Il passato e il presente che si incontrano. Uno il protagonista. Uno come il suo numero sulla maglia. David De Gea il suo nome. Tornerà nella città in cui è cresciuto e che ha rappresentato la sua prima casa. Nel frattempo è cambiato lui. È cambiata Madrid. Non ritroverà più il suo “Vicente Calderon”, sostituito dal “Wanda Metropolitano”, palcoscenico di questa notte di Champions. Ad affrontarsi le uniche due squadre in cui il portiere spagnolo ha giocato. Da una parte, l’Atletico Madrid. Dall’altra, il Manchester United la cui porta difende ormai da anni. Una storia di fedeltà di un enfant prodige che catturò le attenzioni di Sir Alex Ferguson.

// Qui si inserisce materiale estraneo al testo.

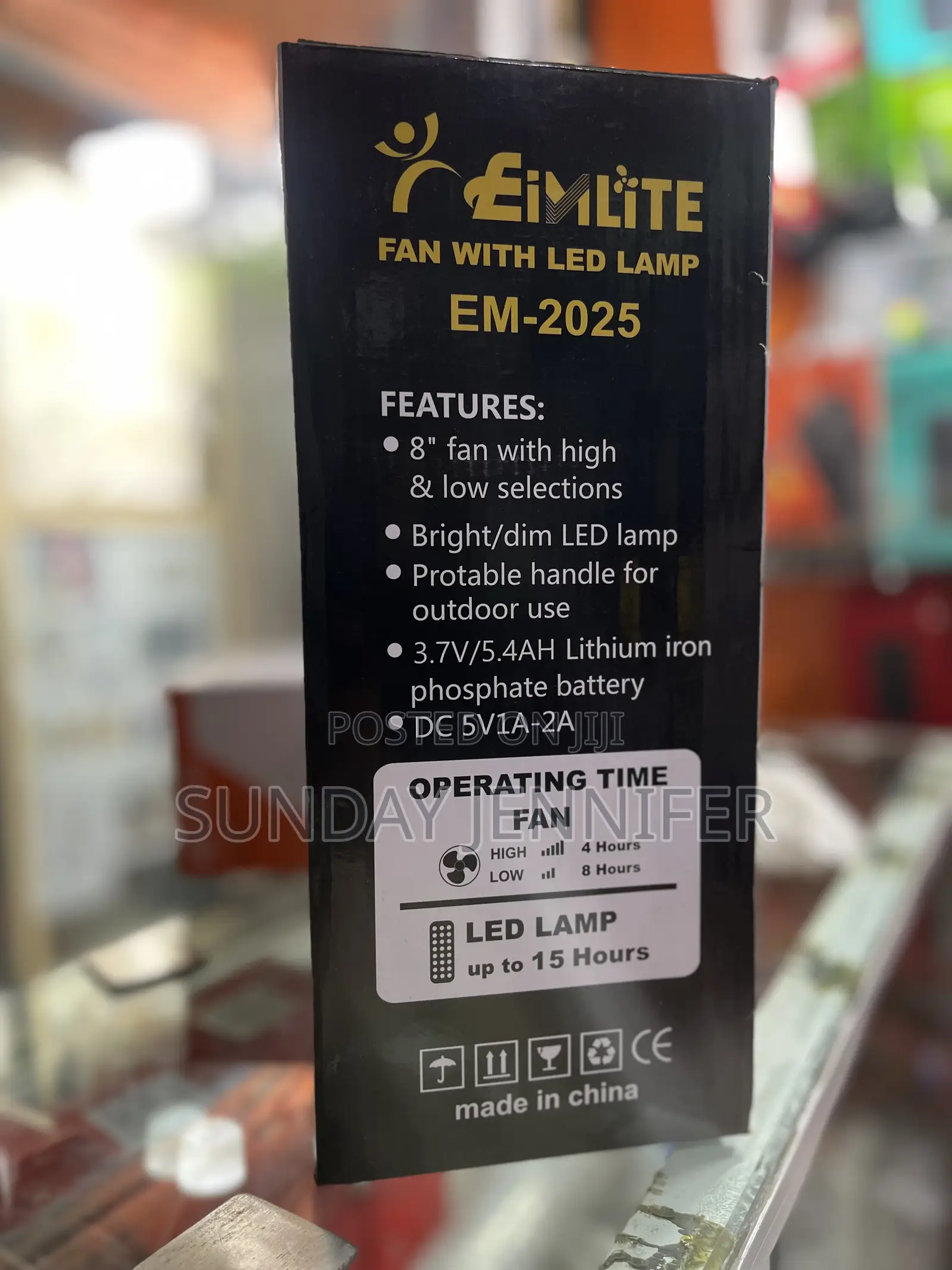 Rechargeable Desktops Fan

Madrid, sponda colchoneros, rappresenta l’inizio. Un prodotto del vivaio. Dal settore giovanile al Vicente Calderon. Nel 2007 la squadra B. Nel 2009 l’esordio con la prima squadra. “A quei tempi ero il terzo portiere [dietro Sergio Asenjo e Roberto]. Ho sempre creduto in me, mi allenavo molto e cercavo solo di dire: “Io ci sono, sarò giovane ma sono bravo“. Ho cercato di fare del mio meglio, poi c’è stato l’infortunio di Roberto e ho avuto la possibilità di giocare”, ha dichiarato in una intervista alla UEFA. Poi con l’arrivo di Sanchez Flores si prende il posto da titolare: “Ho giocato quasi sempre. Siamo arrivati alla finale di UEFA Europa League e l’abbiamo vinta”. Una Coppa del Re persa in finale e il successo in Supercoppa Europea contro l’Inter, con un rigore parato a Milito.
19 anni, una maglia da titolare e una sicurezza da veterano. Un talento in grado da far scomodare Sir Alex Ferguson in persona. Soltanto tre le volte in cui il manager scozzese in 27 anni di Manchester United saltò una partita della sua squadra. Il matrimonio della figlia, il funerale della cognata e per vedere dal vivo un ragazzo. Quel ragazzo era David De Gea. A rivelarlo fu al Mundo Deportivo Eric Steele, ex preparatore dei portieri: “Mostrai un DVD di 3 minuti a Ferguson, ma non era convinto. Lo obbligai ad andarlo a visionare la sera in cui eravamo di scena in League Cup contro lo Scunthorpe”. E bastò una partita: “Si convinse che De Gea fosse l’acquisto giusto al minuto 65. Dopo un buon match fece una parata mostruosa. Non ci pensò due volte e mi disse che l’avremmo acquistato”. 17 milioni di sterline all’Atletico Madrid e nel giugno 2011 lo spagnolo inizia la sua avventura inglese.
Poi da Manchester De Gea non se ne è più andato: “Ora mi sento come se fossi di Manchester. Casa tua è dove ti senti ben voluto e accolto. Sono qui da molti anni; ovviamente, tutto può succedere nella vita e nel calcio, ma sinceramente non mi vedo lontano dal Manchester United”. Più di dieci anni in cui il portiere è diventato il giocatore non britannico con più presenze nella storia dei Red Devils. Stagioni difficili alternate ad altre fatte di grandi prestazioni. Il numero uno, però, è rimasto sempre lui. Parate a ritmo di heavy metal, la sua passione: “Tutto è iniziato da bambino. Passavo l’estate ad Alicante con i miei genitori. C’erano altri ragazzi un po’ più grandi di me e ascoltavano questa musica. Amo l’heavy metal e il rock, mi motivano molto. Adoro Slipknot, Avenged Sevenfold, System of a Down, Bullet For My Valentine, ma mi piace un po’ di tutto: anche [Frank] Sinatra, per esempio, o la musica spagnola”. Stasera la musica sarà quella della Champions League. Tra i ricordi e un campo di calcio: il calcio di David De Gea.